- **WORK REQUIRED**: Include no pictures. Output exactly the lines from the one that contains "源头工厂 PIX LINK 300Mbps 四天线4口无线wifi路由器 外贸" through the final line of the entries.

- **RECORDS FOR THIS EXERCISE**:
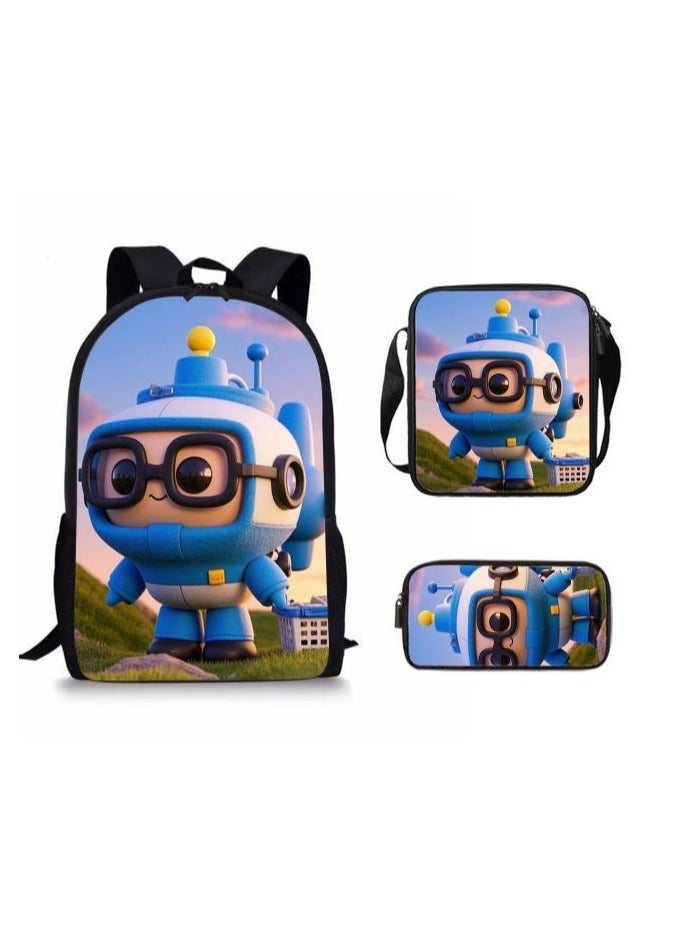 Cartoon style universal three-piece schoolbag - 641  - Image 2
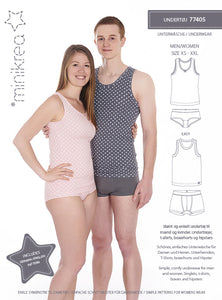Minikrea 77405 undertøj herre og dame XS - XXL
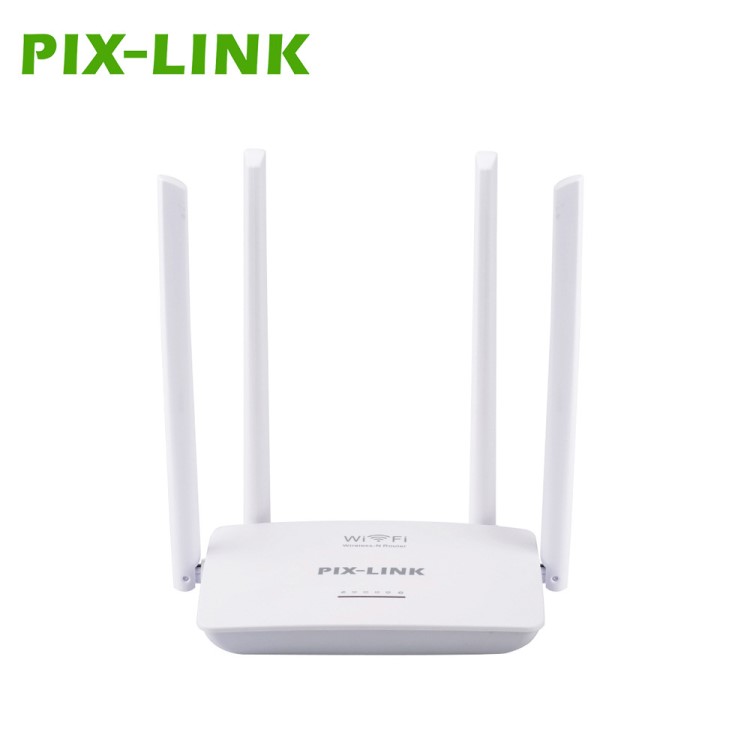 源头工厂 PIX LINK 300Mbps 四天线4口无线wifi路由器 外贸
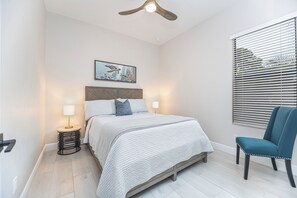 4 bedrooms, iron/ironing board, travel cot, free WiFi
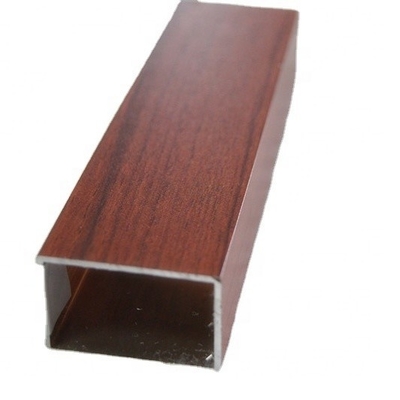 Profile de aluminio extrudido de la serie 6000 para aleación cuadrada 6005 6060 6061 6063 6082 T3-T8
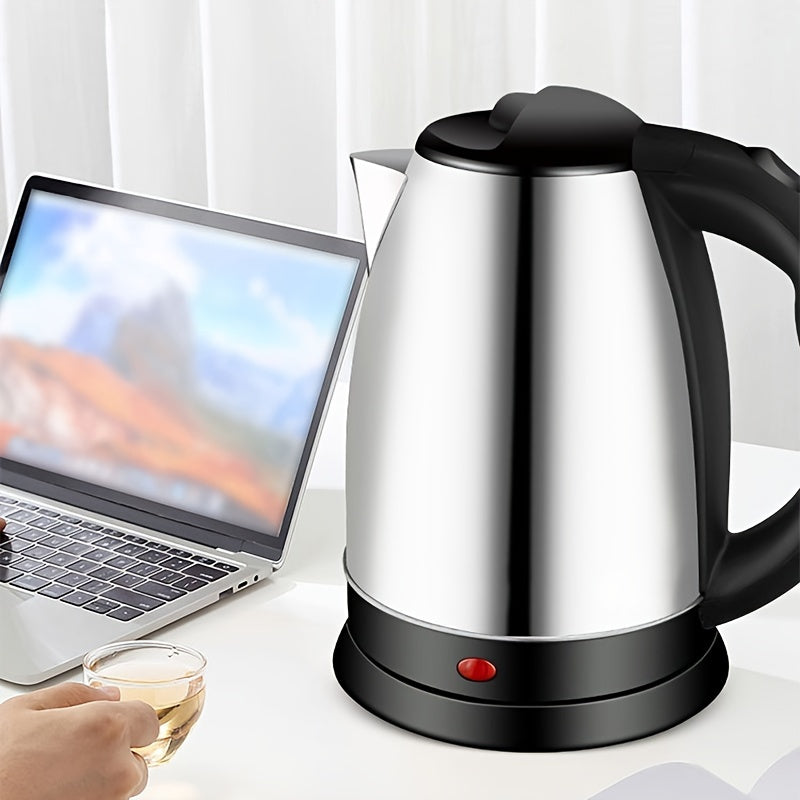 Электрочный чайник из нержавеющей стали 1.8Л 1500Вт Быстрое кипячение Автоматическое отключение Ручка
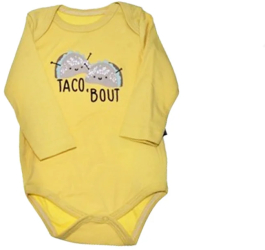 Body cu maneca lunga pentru baieti Mini Junior BDY-16448-1 Galben 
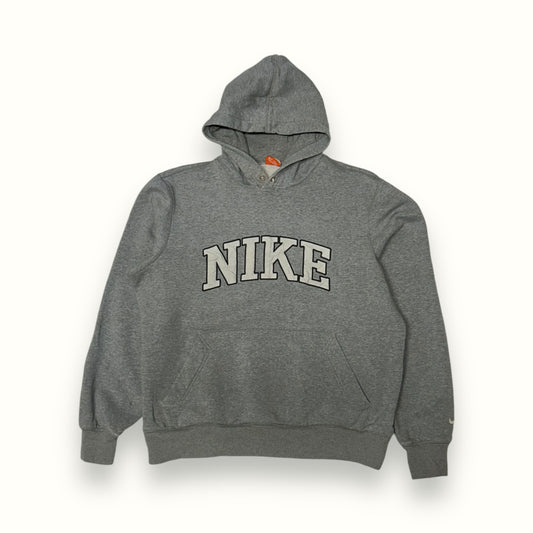 Nike spell out hoodie athletic dept grey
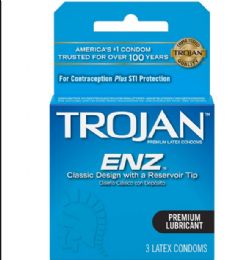 12 Pieces Trojan 3 Count Lubricated/blue - Personal Care Items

- **RESULT**:
 源头工厂 PIX LINK 300Mbps 四天线4口无线wifi路由器 外贸
 4 bedrooms, iron/ironing board, travel cot, free WiFi
 Profile de aluminio extrudido de la serie 6000 para aleación cuadrada 6005 6060 6061 6063 6082 T3-T8
 Электрочный чайник из нержавеющей стали 1.8Л 1500Вт Быстрое кипячение Автоматическое отключение Ручка
 Body cu maneca lunga pentru baieti Mini Junior BDY-16448-1 Galben 
 Nike spell out hoodie athletic dept grey
 12 Pieces Trojan 3 Count Lubricated/blue - Personal Care Items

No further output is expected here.